Metro

Harlem slap to Dem bigs

The new guard has arrived in Harlem.

A pair of relative unknowns running for party positions in the 70th District caused an uptown upset when they bested candidates handpicked by longtime Assemblyman Keith Wright.

Wright, a political fixture in Harlem for decades, is the leader of the Manhattan Democratic Party and a staunch ally of powerful Assembly Speaker Sheldon Silver — but even his clout wasn’t enough to defeat Marisol Alcantara, 38, and Jamaal Nelson, 35, two newbies who were elected district leaders last month.

Their win was mirrored downtown, where two Silver-backed district leaders were ousted by Paul Newell and Jenifer Rajkumar. Newell, the incumbent, and Rajkumar, a first-timer, swept to victory in Silver’s own 64th Assembly District.
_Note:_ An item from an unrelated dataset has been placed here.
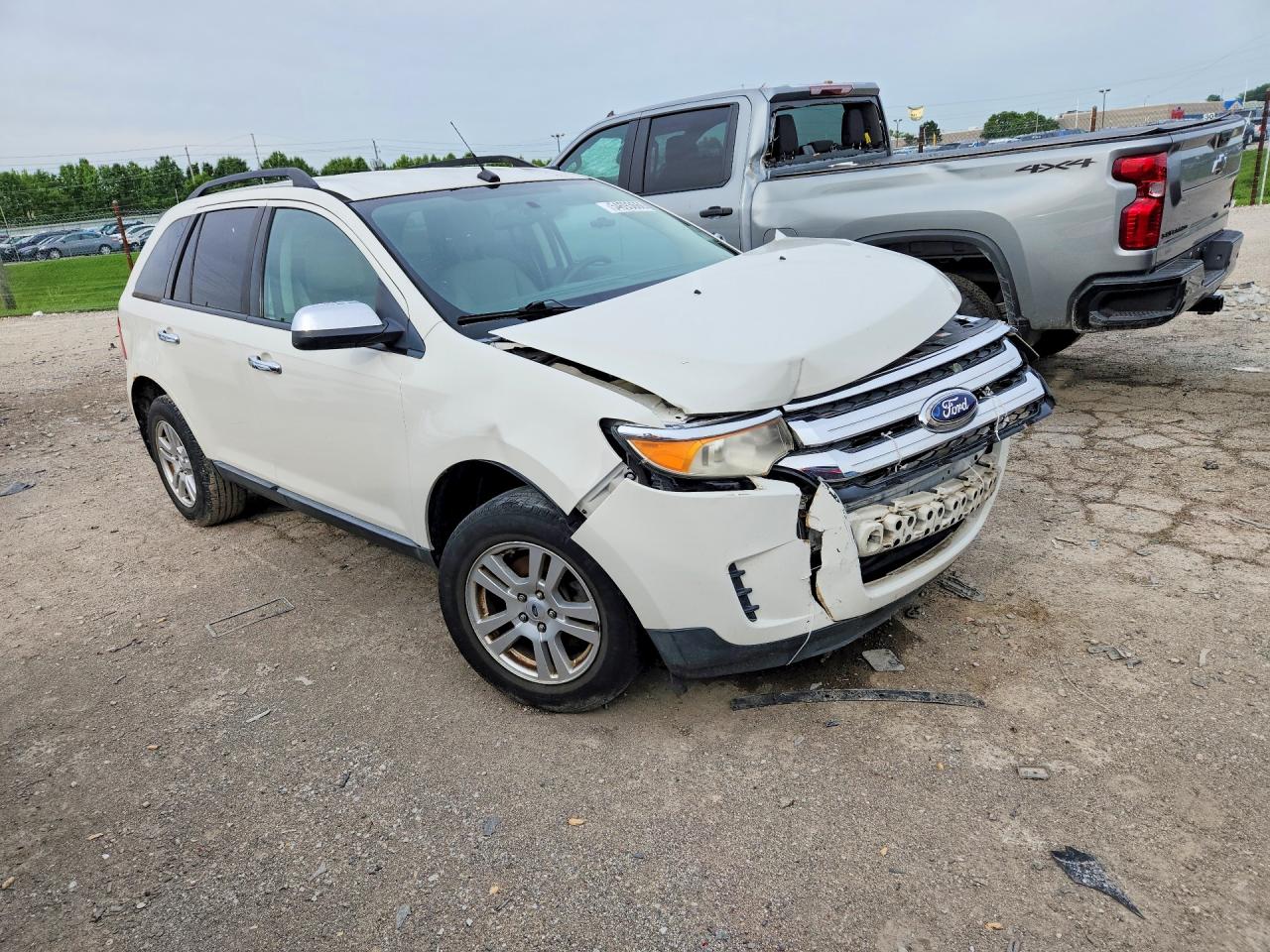 2011 Ford Edge Se Белый vin: 2FMDK3GC2BBB37743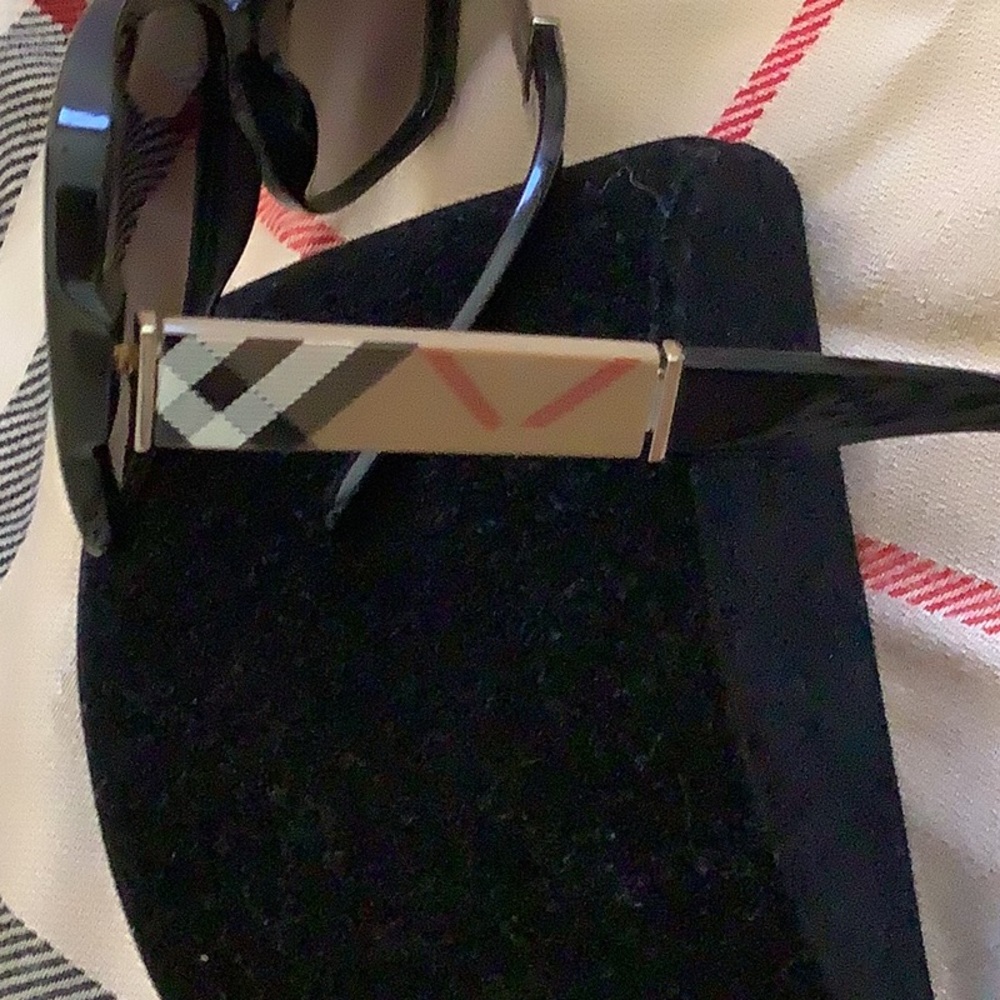 Burberry Sun glasses 🖤🖤🖤 - Picture 4 of 6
Nobody expected candidates anointed by Silver and his comrades to lose, said a longtime party insider. The unexpected victories were a “shock” to the establishment, he said.

Nelson, a married father of two, agreed. “We did the unthinkable. We beat the machine,” he said.

His connection to Harlem’s black community through his church, and Alcantara’s ties to the growing Latino presence along the district’s west side, made the perfect “black-brown coalition,” Nelson said.

Alcantara, a Dominican-born former union organizer raised in Washington, DC, said she and Nelson took pains to arm themselves against usual political tricks employed by experienced party operatives.

“You have to get 500 signatures from registered Democrats in the district to get on the ballot, so we got about 1,700. We wanted three times the required amount in case of challenges,” said Alcantara.

She ran against April Tyler, an 18-year-incumbent endorsed by Wright.

Alcantara, with a tiny staff of unpaid volunteers, focused her grassroots campaign on the often-overlooked projects and immigrant communities in her West Harlem neighborhood.